→ **Directions**
The copy you give must match the lines from the top of the data through the line containing "A Tri-ang wood" exactly, and it must hold no pictures.
════════════════
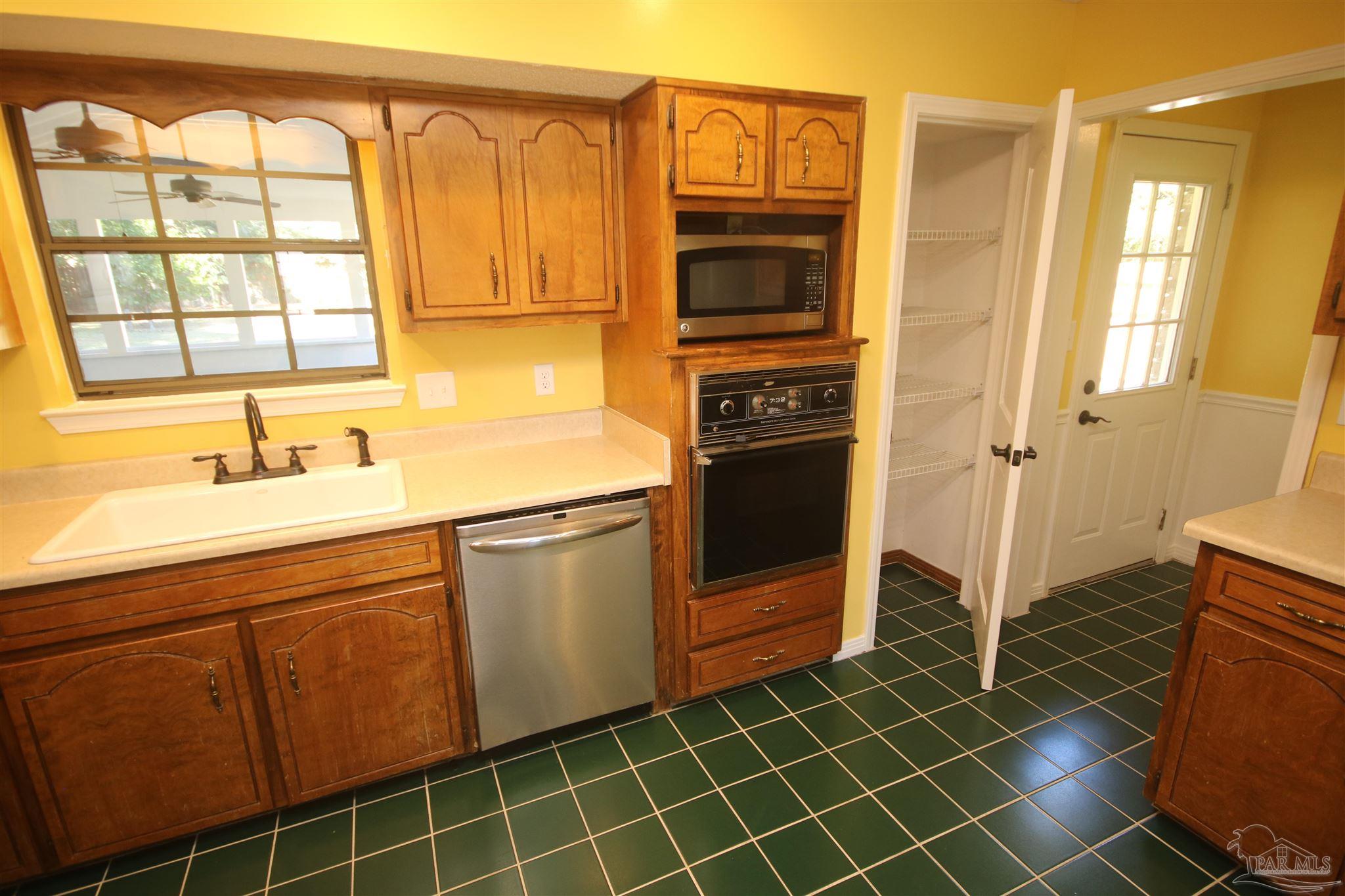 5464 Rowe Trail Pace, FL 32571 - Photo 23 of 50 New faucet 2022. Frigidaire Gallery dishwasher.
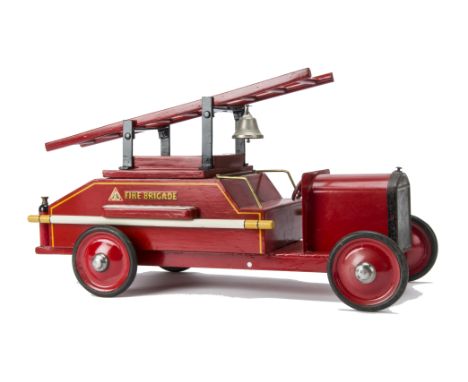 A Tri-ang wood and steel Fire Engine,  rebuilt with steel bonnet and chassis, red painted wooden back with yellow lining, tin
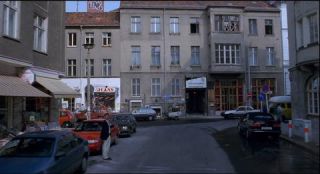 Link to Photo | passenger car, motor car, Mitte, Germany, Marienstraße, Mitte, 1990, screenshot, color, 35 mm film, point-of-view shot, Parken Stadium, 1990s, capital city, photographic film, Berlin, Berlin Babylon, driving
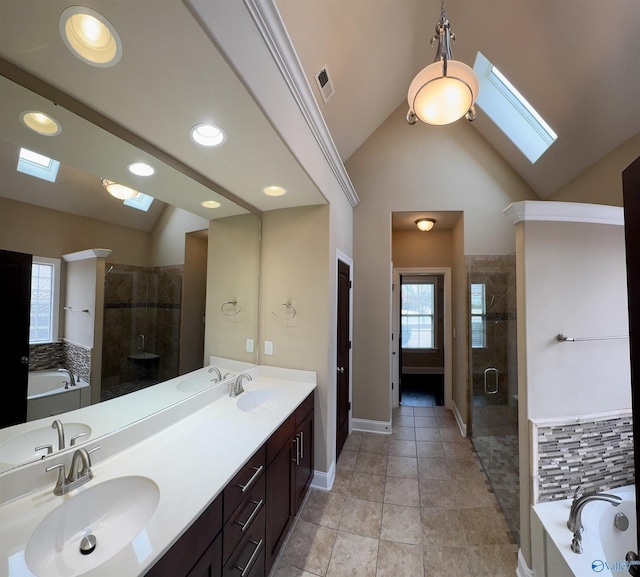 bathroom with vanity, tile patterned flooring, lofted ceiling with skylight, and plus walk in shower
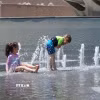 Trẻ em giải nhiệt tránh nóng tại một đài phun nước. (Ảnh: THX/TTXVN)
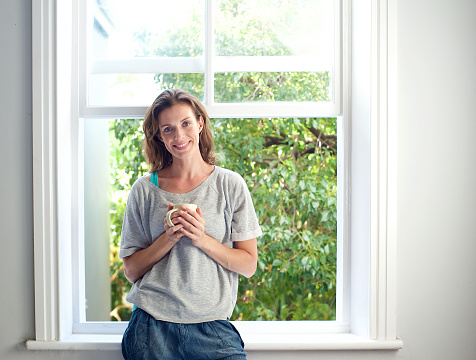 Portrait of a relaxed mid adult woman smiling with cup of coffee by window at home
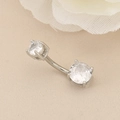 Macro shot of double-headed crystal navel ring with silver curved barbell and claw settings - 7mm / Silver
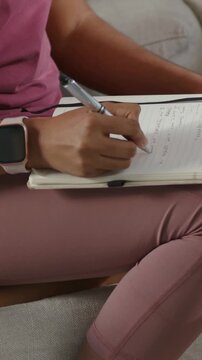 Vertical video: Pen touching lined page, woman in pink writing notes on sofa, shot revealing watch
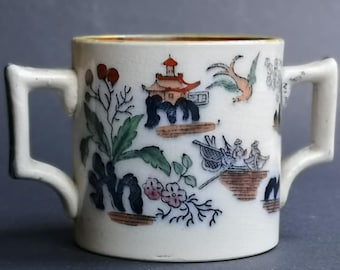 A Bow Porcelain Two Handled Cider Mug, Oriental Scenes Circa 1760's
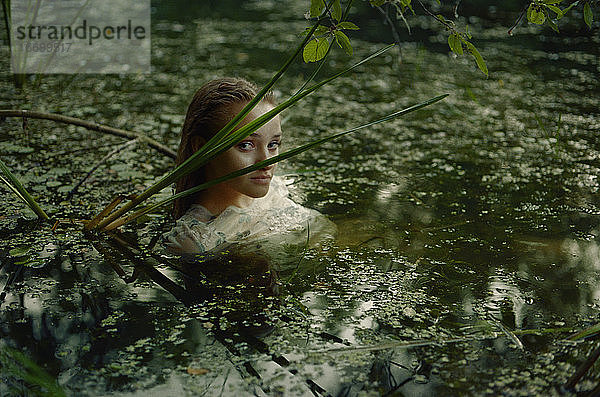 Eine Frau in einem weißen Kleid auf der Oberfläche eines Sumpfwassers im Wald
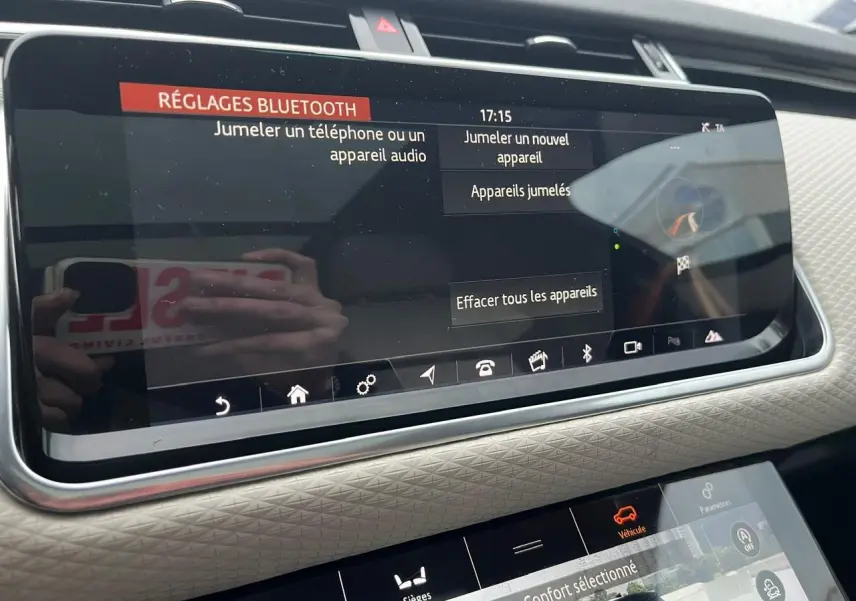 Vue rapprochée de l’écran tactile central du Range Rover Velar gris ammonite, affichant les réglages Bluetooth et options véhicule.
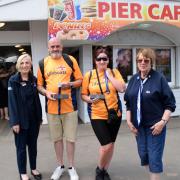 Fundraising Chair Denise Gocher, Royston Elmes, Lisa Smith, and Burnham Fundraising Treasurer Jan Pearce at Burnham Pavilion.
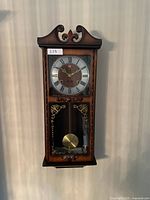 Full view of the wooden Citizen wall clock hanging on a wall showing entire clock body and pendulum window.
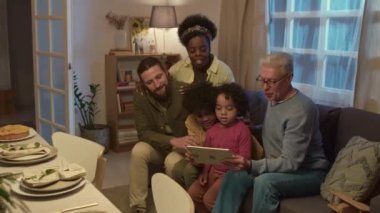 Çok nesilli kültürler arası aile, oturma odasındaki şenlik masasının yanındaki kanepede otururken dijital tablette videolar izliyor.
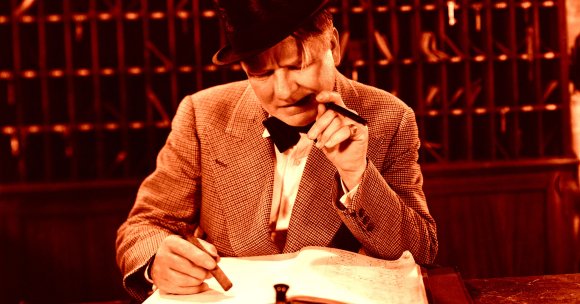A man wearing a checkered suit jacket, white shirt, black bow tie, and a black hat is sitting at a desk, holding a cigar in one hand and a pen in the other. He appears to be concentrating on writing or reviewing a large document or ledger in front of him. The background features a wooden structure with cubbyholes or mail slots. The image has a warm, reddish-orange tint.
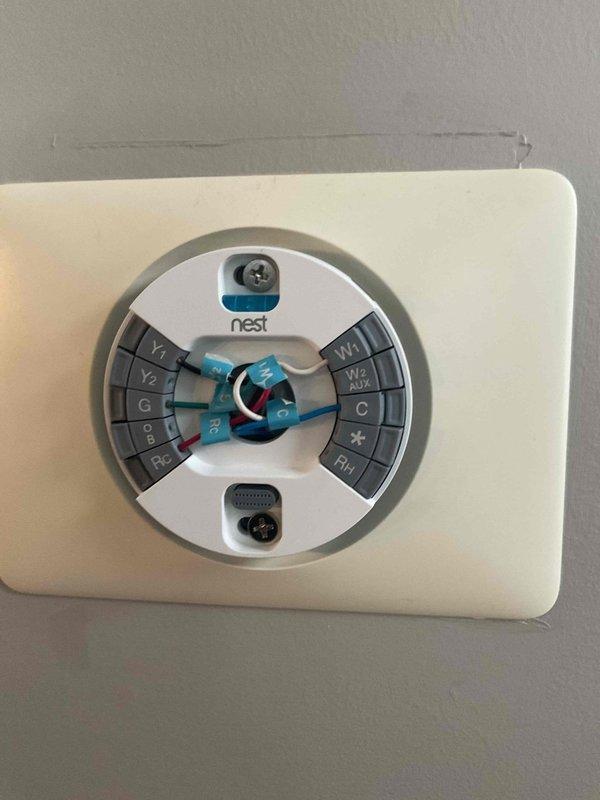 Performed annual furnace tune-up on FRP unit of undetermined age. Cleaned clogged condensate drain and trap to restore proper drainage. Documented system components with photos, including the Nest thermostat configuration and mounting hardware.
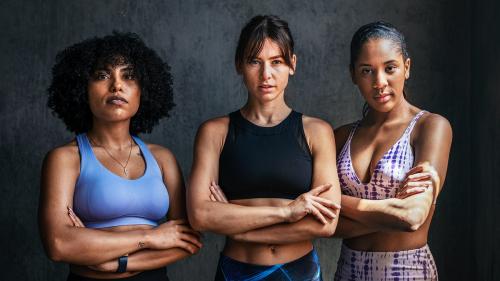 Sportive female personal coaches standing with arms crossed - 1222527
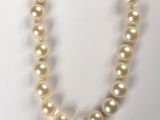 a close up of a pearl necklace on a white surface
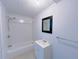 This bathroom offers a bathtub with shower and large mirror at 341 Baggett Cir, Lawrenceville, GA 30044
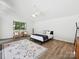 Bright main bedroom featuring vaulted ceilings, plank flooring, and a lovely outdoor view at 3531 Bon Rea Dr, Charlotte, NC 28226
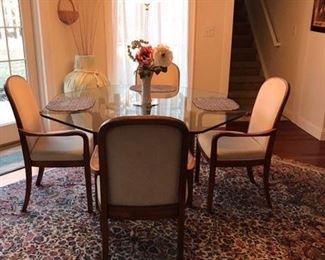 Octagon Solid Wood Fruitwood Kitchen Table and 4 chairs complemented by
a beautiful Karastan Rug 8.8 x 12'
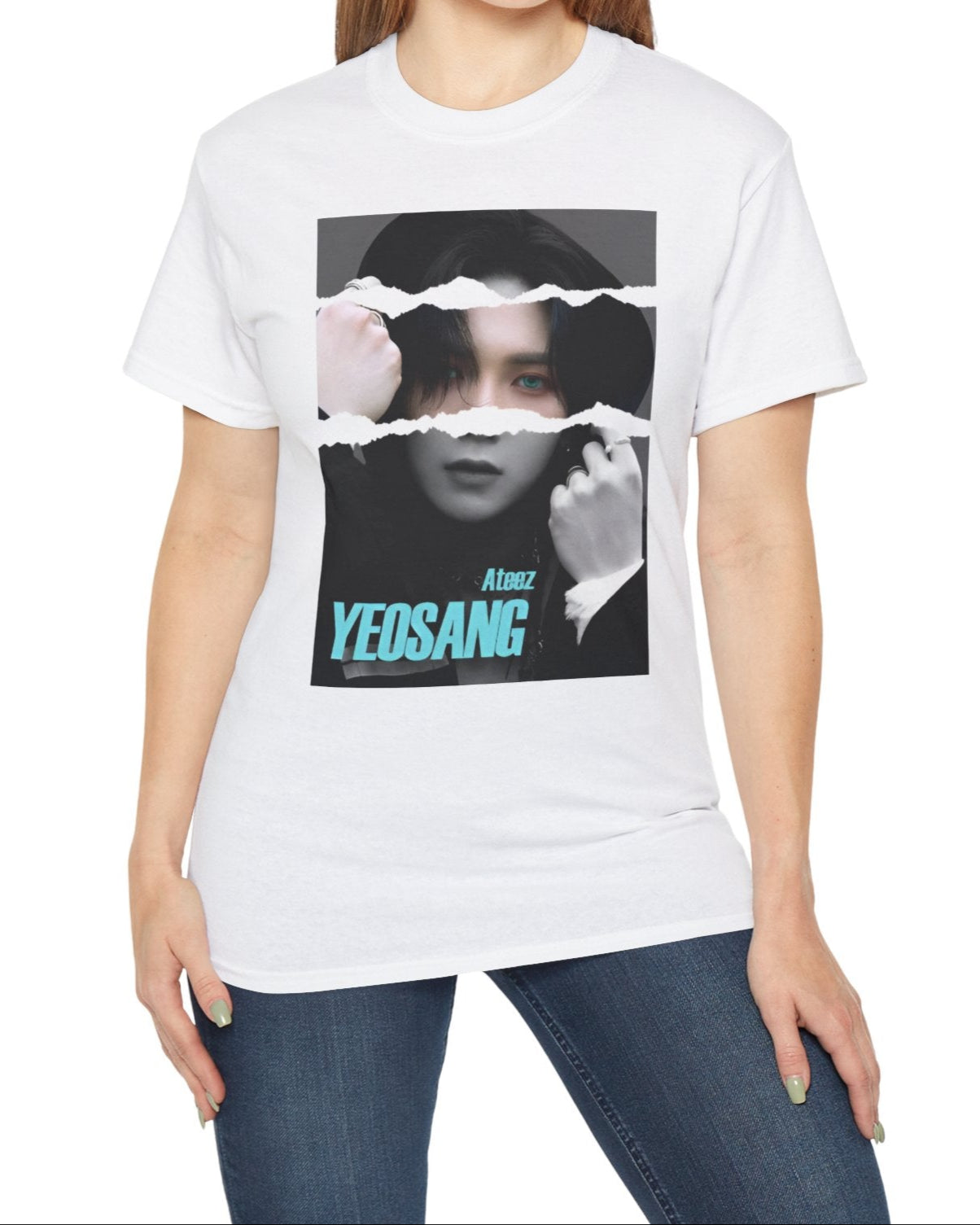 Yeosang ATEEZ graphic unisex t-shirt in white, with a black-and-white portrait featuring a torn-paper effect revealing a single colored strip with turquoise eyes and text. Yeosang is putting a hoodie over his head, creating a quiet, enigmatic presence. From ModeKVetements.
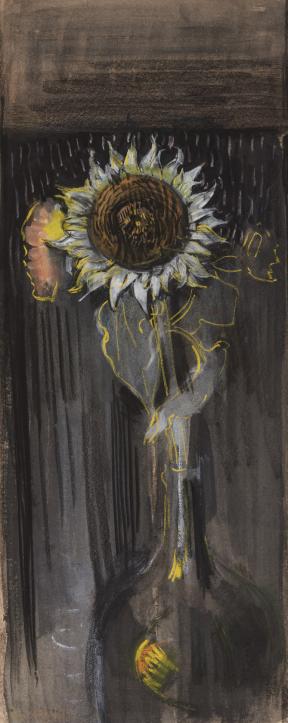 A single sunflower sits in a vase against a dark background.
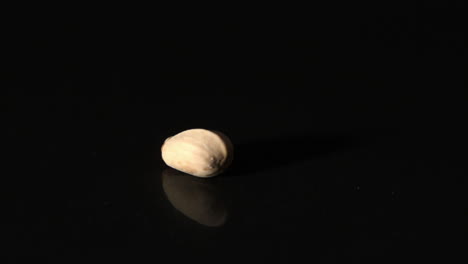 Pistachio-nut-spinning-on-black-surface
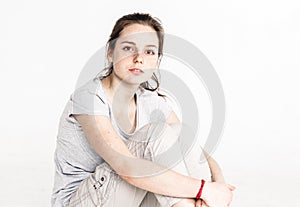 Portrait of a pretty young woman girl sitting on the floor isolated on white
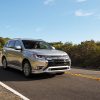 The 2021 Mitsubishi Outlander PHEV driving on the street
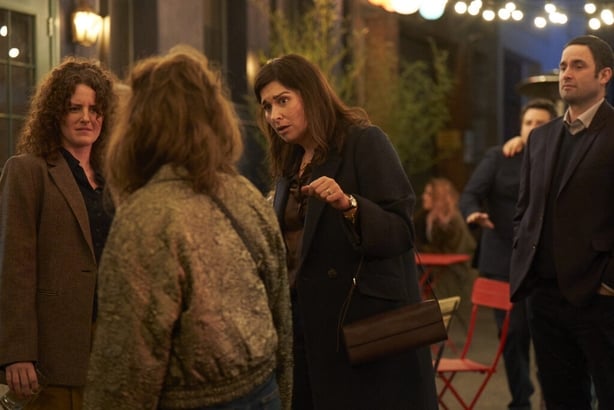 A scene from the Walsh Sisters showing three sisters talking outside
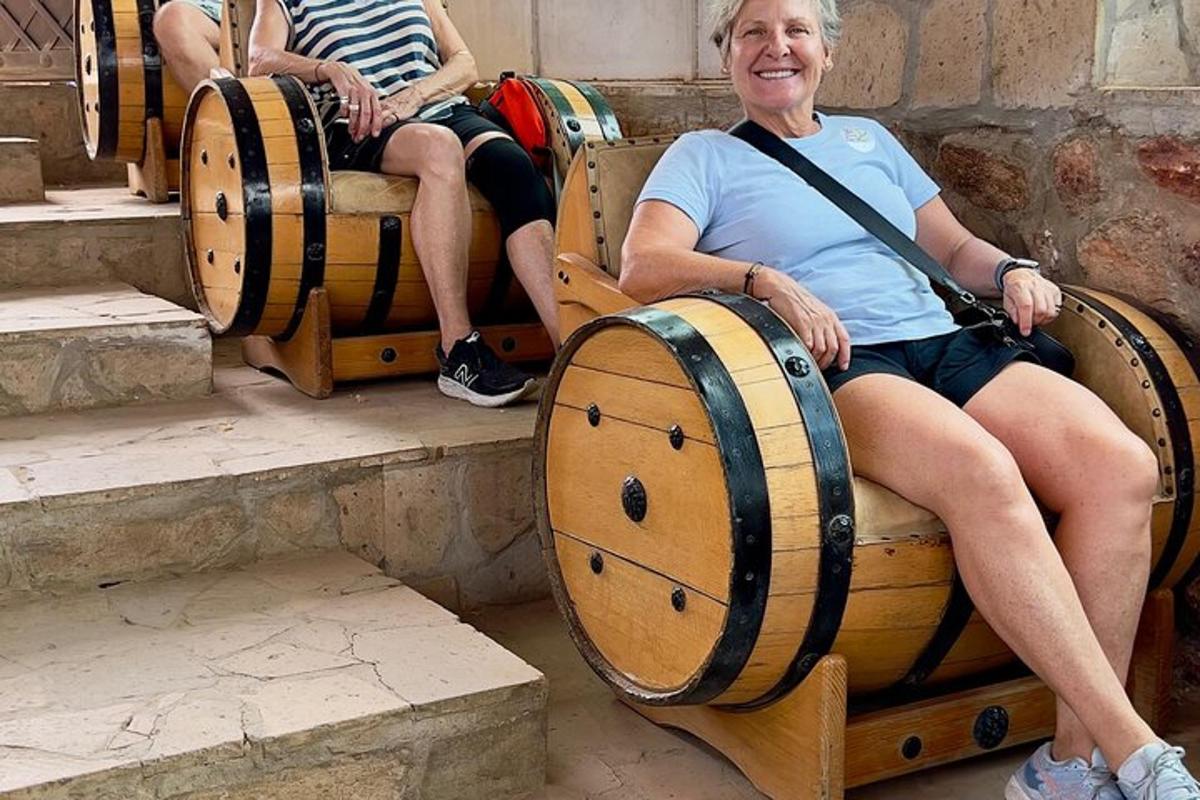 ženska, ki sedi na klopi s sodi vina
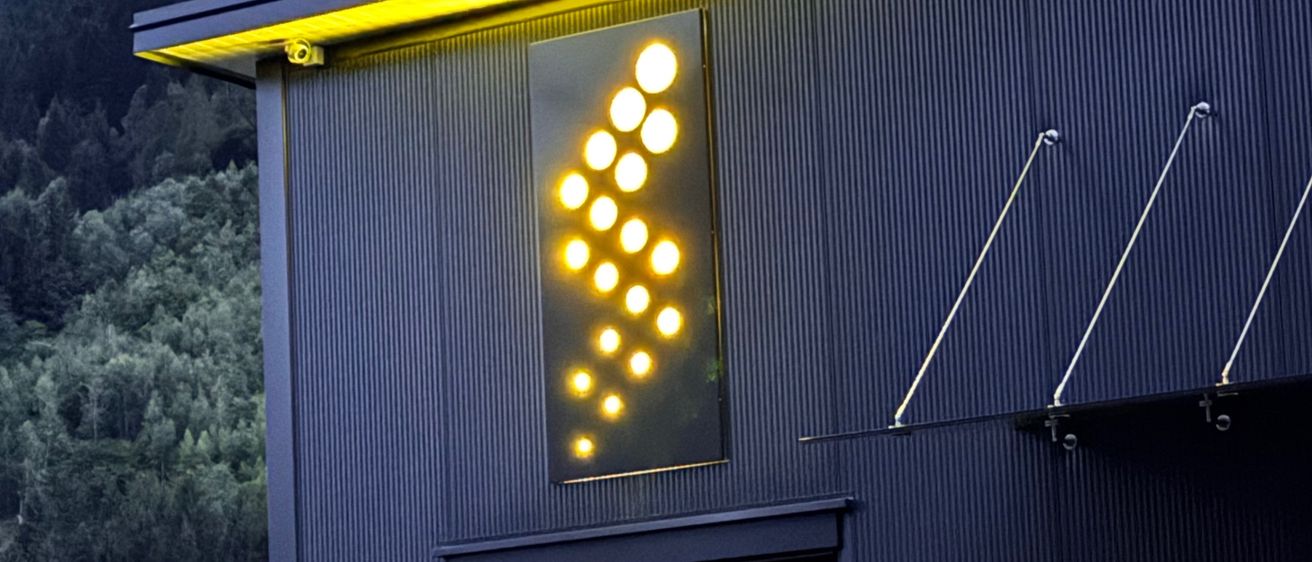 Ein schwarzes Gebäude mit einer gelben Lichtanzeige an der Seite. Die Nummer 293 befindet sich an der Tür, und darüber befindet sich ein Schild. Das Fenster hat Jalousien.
════════════════
→ **Answer below**
 5464 Rowe Trail Pace, FL 32571 - Photo 23 of 50 New faucet 2022. Frigidaire Gallery dishwasher.
 A Tri-ang wood and steel Fire Engine,  rebuilt with steel bonnet and chassis, red painted wooden back with yellow lining, tin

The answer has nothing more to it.